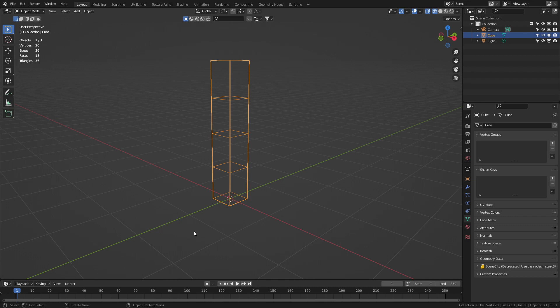The basics of rigging. Let's go. Here we've got a simple elongated cube with a few extra edge loops.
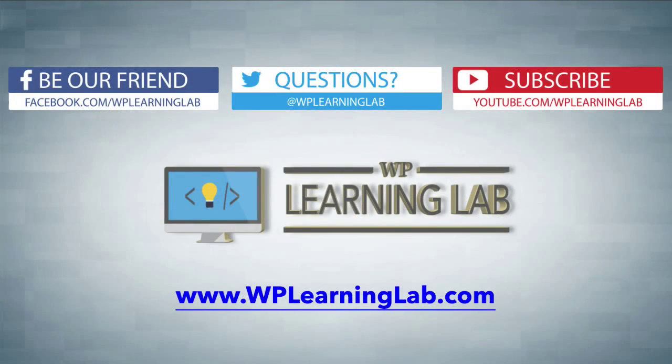I hope this video helps you. My name is Bjorn Alpass from WP Learning Lab. Please make sure you like this video if it helped, subscribe to our YouTube channel, check out our social media feeds, and check out WPLearningLab.com.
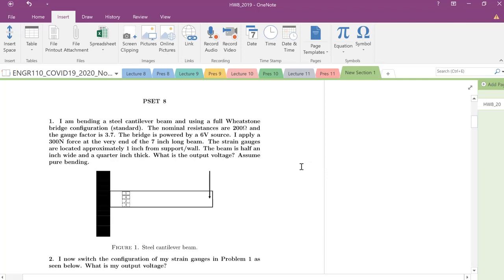We're going to start doing a couple of problems to bring together all this strain gauge, circuits, and Wheatstone bridge ideas and put it all into one. So let's go ahead and start with this first problem.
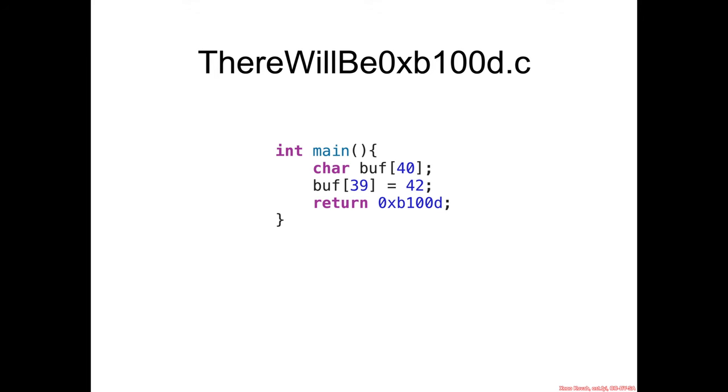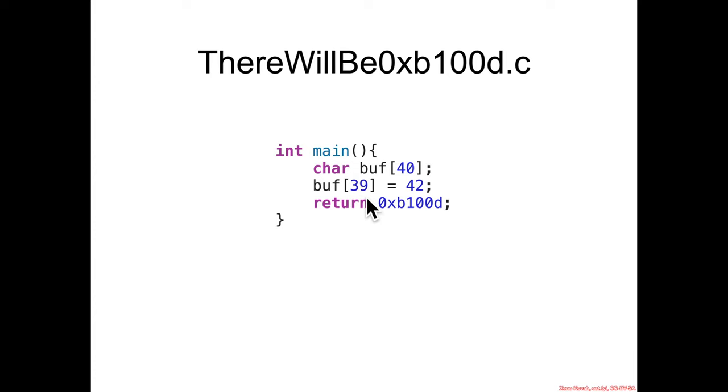So here is the source code of interest. Like the previous example, we have a buffer. It's not zero initialized and we simply move 42 into the last element of the buffer and we return blood.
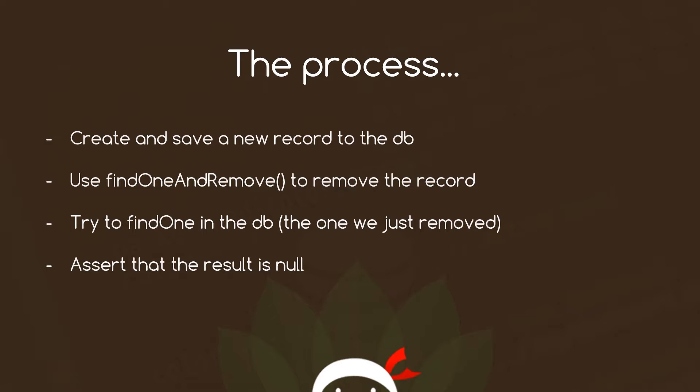Then we're going to use findOneAndRemove to remove that very record from the database. But then we want to check that, this is where we want to assert something. So what we're going to do is we're going to go out, we're going to try and find one in the database, the one we just removed, right, and we want that to return a result which is null, meaning it can't find it anymore. And if it returns a result which is null, it means that this thing right here, findOneAndRemove, has been successful. Okay. So let's jump to the code.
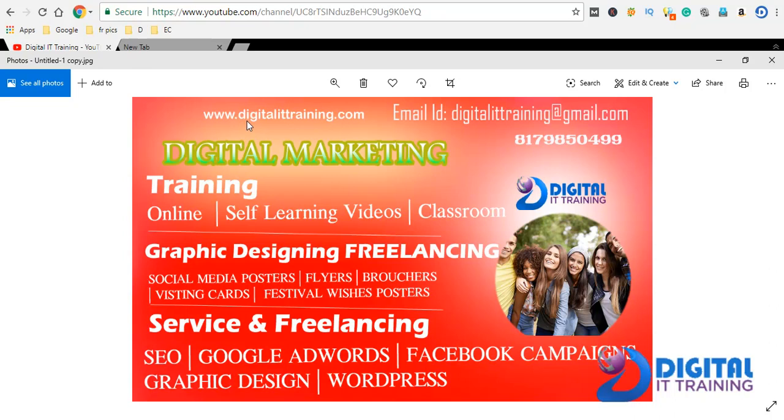The URL is www.digitalittraining.com. Contact number is 8178-504-99. First, we have digital marketing training all-in-one, self-learning videos, classroom, and graphic design freelancing services.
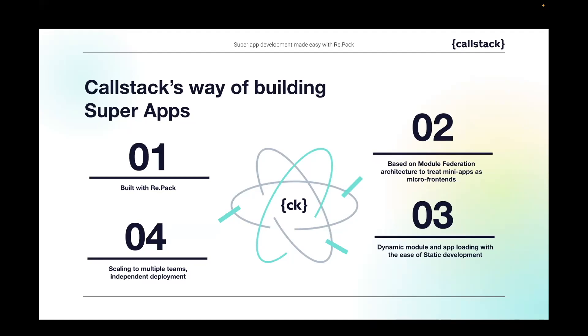But what it also enables is usage of Module Federation, which we can use to download some chunks from remote to our application, which enables this whole super apps ecosystem. I don't have to bundle everything together in my app. I can allow different teams to work on different functionalities in different time, and I can remotely download their work into my main app. So I guess that's what we'll be talking about here in this webinar.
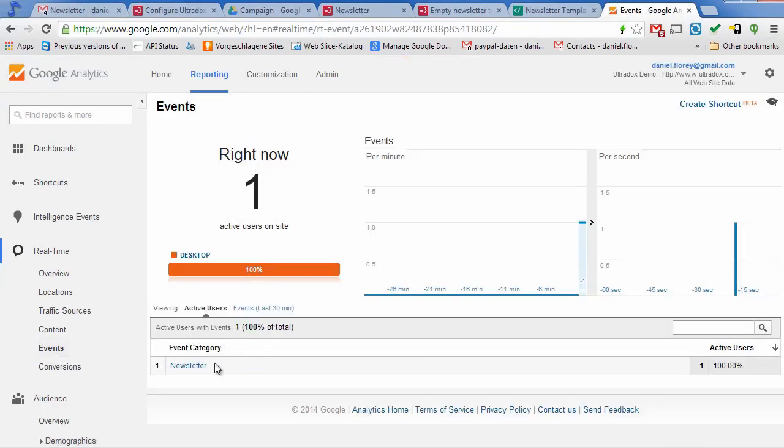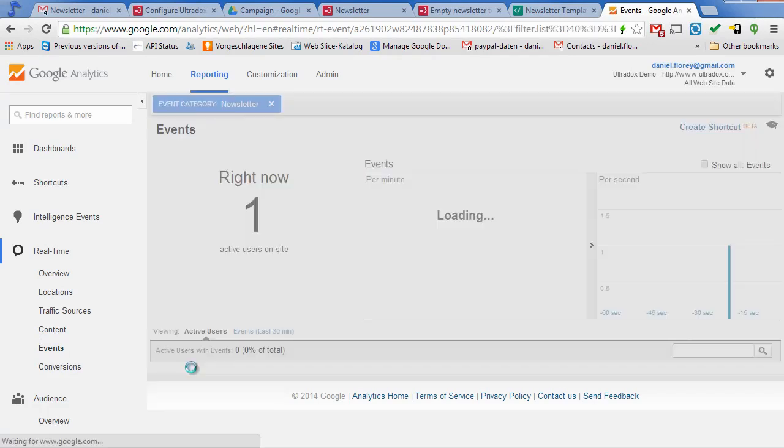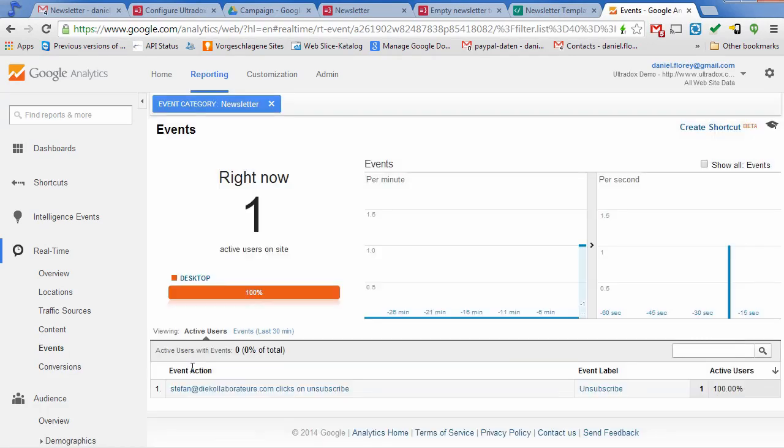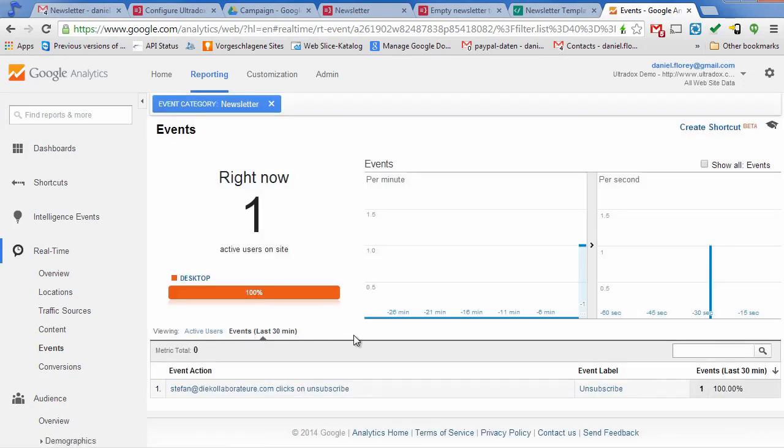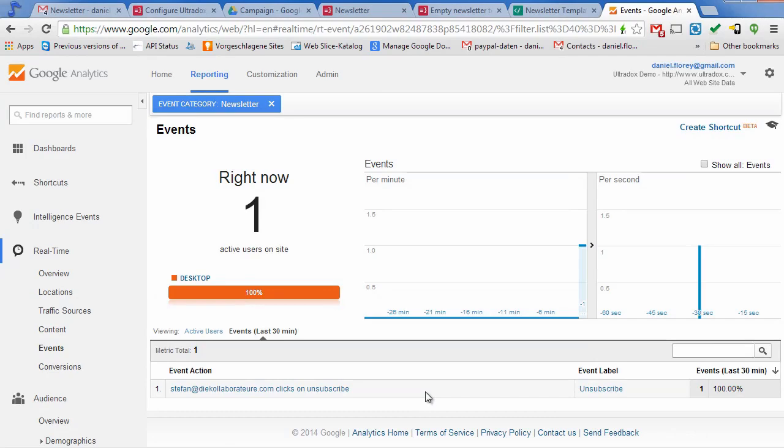You can watch all user interactions in real time in Google Analytics. You will not only see country and language of the user, but also the detailed information that we've specified in our smart link. Using Google Analytics to track your mail campaigns will give you a single tool to monitor all your different marketing channels.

**What to work on**
Quote the records above exactly, leaving out any pictures.

**Task response**
The basics of rigging. Let's go. Here we've got a simple elongated cube with a few extra edge loops.
I hope this video helps you. My name is Bjorn Alpass from WP Learning Lab. Please make sure you like this video if it helped, subscribe to our YouTube channel, check out our social media feeds, and check out WPLearningLab.com.
We're going to start doing a couple of problems to bring together all this strain gauge, circuits, and Wheatstone bridge ideas and put it all into one. So let's go ahead and start with this first problem.
So here is the source code of interest. Like the previous example, we have a buffer. It's not zero initialized and we simply move 42 into the last element of the buffer and we return blood.
Then we're going to use findOneAndRemove to remove that very record from the database. But then we want to check that, this is where we want to assert something. So what we're going to do is we're going to go out, we're going to try and find one in the database, the one we just removed, right, and we want that to return a result which is null, meaning it can't find it anymore. And if it returns a result which is null, it means that this thing right here, findOneAndRemove, has been successful. Okay. So let's jump to the code.
The URL is www.digitalittraining.com. Contact number is 8178-504-99. First, we have digital marketing training all-in-one, self-learning videos, classroom, and graphic design freelancing services.
But what it also enables is usage of Module Federation, which we can use to download some chunks from remote to our application, which enables this whole super apps ecosystem. I don't have to bundle everything together in my app. I can allow different teams to work on different functionalities in different time, and I can remotely download their work into my main app. So I guess that's what we'll be talking about here in this webinar.
You can watch all user interactions in real time in Google Analytics. You will not only see country and language of the user, but also the detailed information that we've specified in our smart link. Using Google Analytics to track your mail campaigns will give you a single tool to monitor all your different marketing channels.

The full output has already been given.